Bringing down the danger curve

Regarding "Peace class lands UW prof on list of 'most dangerous' " [Local News, Feb. 28], about a local professor who made the list of "The Top 101 Most Dangerous Academics in America," a book by the right-wing author David Horowitz: I know it's ridiculous, but why does Times reporter Nick Perry find it odd for a teacher of "peace studies" to be considered a danger to the Republican Party?

Think about it: What is the one thing the right enjoys more than taking food from orphans and widows, or beating up the helpless and disabled? Obviously, it's a nice bloody war in which they themselves do not have to fight.

They can't allow anyone to interfere with their power to send people they don't know to other parts of the world so they can kill (and be killed by) a lot of other people they don't know. The right-wingers certainly don't want the voters to notice the crooks and liars hiding behind their manufactured war hysteria. That would be extremely dangerous!

— James Freudiger, Seattle

Credit no credit

How come Nick Perry left out of "Peace class lands UW prof on list of 'most dangerous' " the basic fact that this guy [David Barash] is a biologist and unqualified to teach "Peace Studies"?

The principal point I made in my comments to Perry was that professor Barash has no academic credential to teach about the issue of war and peace. His expertise is biology, not political science.

The fact that he is writing textbooks on "Peace Studies" and teaching classes in a subject for which he is not qualified is a form of consumer fraud and reflects a widespread intellectual corruption in the university.

— David Horowitz, Calabasas, Calif.

Support for troops

Center holds out hope

Regarding "MS diagnosis may be too late to help veteran of first Gulf War" [Local News, Feb. 22]: Like Harry White, I'm also a military veteran with multiple sclerosis.
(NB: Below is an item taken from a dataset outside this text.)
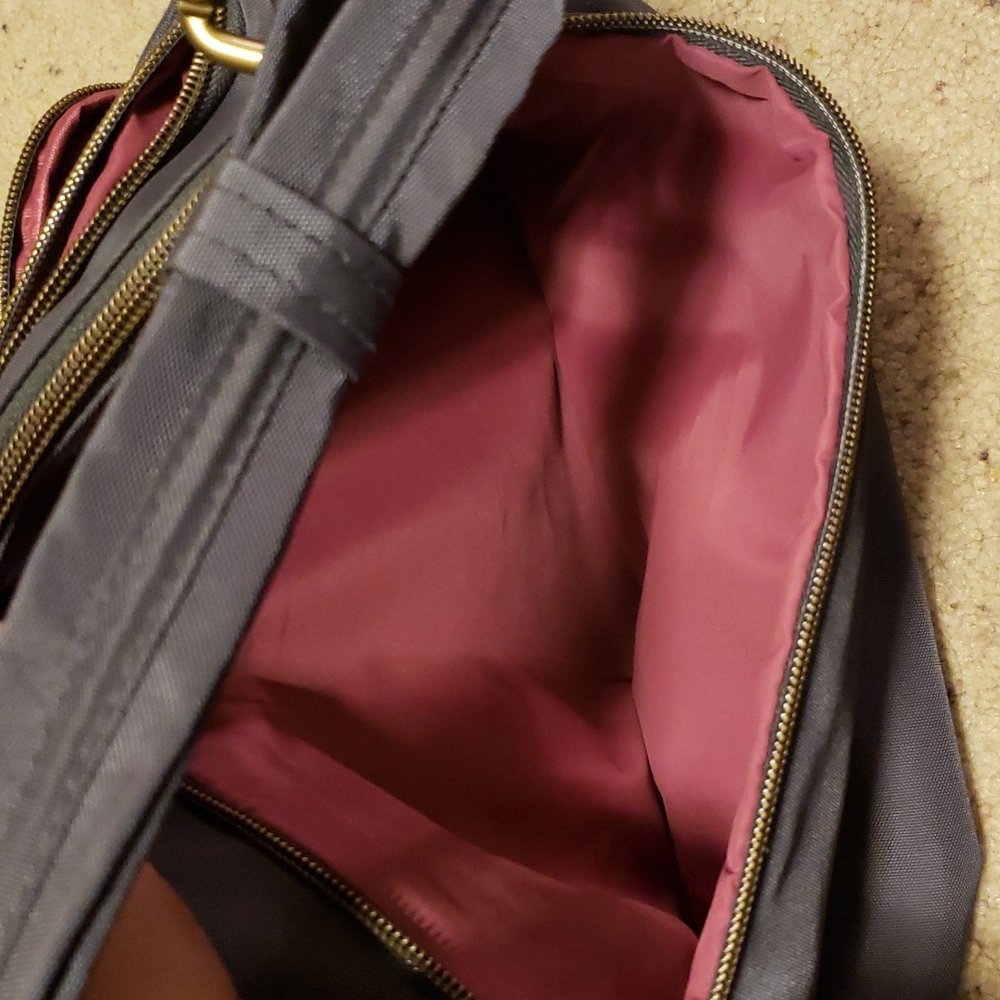 Travelon Gray Bag - Picture 4 of 13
But I served in Vietnam (1966-67) and over the years I have run into several Vietnam veterans who have MS.

While MS strikes women at a higher percentage than men (65 percent of people with MS are women) the disease seems to hit veterans hardest in the male population. Partly because of that, and the high rate of MS in the Northwest population, Seattle's Veterans Administration Hospital has one of the most progressive MS treatment centers in the country.

Called "MS: Center of Excellence," this medical center provides care and treatment of veterans with MS. A veteran doesn't have to have his MS "service connected" to get treatment there. Veterans can check it out at www.va.gov/ms

— Steve Johnston, Bellevue

A job for everyone

Shirkers need not apply

Thanks for the great news about virtual unemployment in Washington ["Jobless rate hits 6-year low," Business & Technology, March 1].

With unemployment at its lowest level of 4.6 percent in spite of our growing population, we should all have a positive feeling about our state's economic future.

The article cited a few reasons for this fantastic development: the construction industry, our state's role with regard to shipping and trucking, and so on.

However, I was surprised the article omitted any credit for George W. Bush. After all, any time unemployment showed a modest increase in our state the past six years, we all lambasted him as the cause. To avoid hypocrisy, I think it only fair to give credit where credit is due.

Let's all raise a toast to the real reason for reduced unemployment in our great state: Democrat, Republican and those like me who favor less government, regardless of blind affiliation.